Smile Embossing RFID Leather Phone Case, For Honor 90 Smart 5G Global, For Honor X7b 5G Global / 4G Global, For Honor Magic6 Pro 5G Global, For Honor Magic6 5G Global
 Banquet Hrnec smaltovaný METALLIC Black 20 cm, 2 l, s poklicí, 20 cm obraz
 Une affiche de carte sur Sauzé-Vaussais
* * *
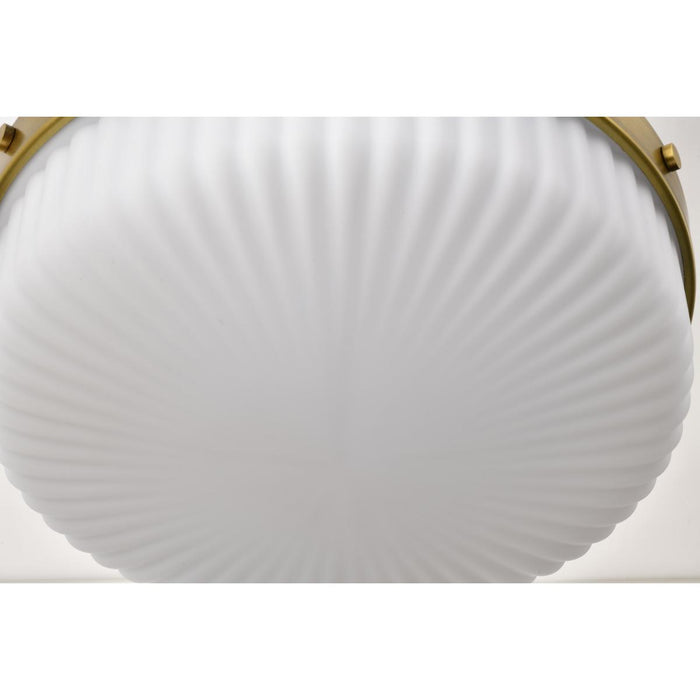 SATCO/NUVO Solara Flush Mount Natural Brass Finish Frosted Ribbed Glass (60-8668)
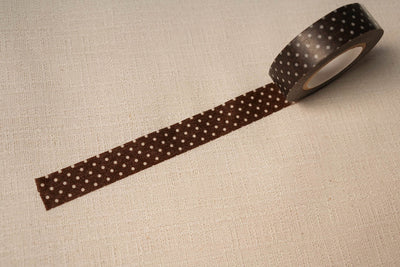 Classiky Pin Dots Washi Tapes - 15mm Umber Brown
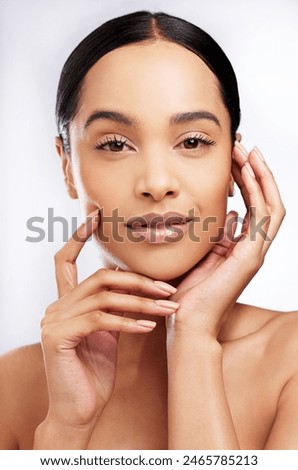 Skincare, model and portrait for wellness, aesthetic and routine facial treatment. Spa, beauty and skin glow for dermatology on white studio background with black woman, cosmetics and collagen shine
--
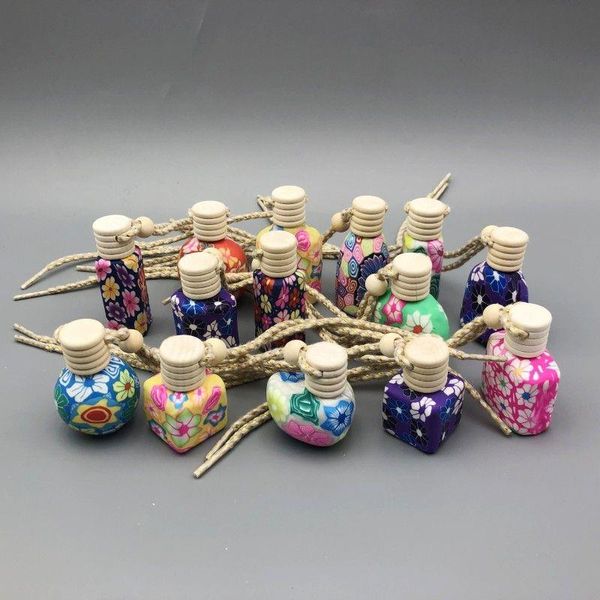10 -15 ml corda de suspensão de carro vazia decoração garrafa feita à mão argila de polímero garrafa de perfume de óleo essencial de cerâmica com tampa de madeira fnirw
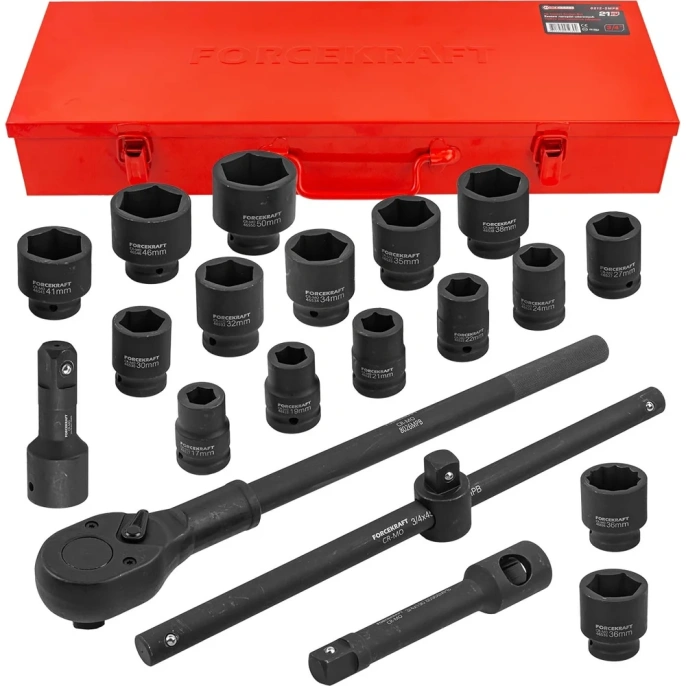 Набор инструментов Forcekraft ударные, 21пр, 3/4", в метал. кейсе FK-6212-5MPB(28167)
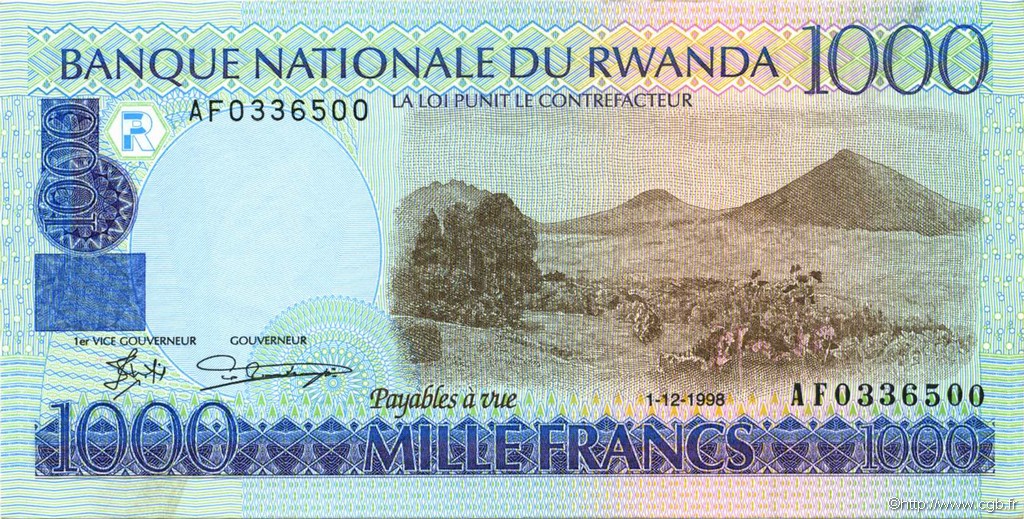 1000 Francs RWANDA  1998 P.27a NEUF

WORK ITEM
Drop the pictures; return the lines above from the line containing "SATCO/NUVO Solara Flush" to the line containing "Skincare, model and", both included, exactly.

WRITTEN SOLUTION
 SATCO/NUVO Solara Flush Mount Natural Brass Finish Frosted Ribbed Glass (60-8668)
 Classiky Pin Dots Washi Tapes - 15mm Umber Brown
 Skincare, model and portrait for wellness, aesthetic and routine facial treatment. Spa, beauty and skin glow for dermatology on white studio background with black woman, cosmetics and collagen shine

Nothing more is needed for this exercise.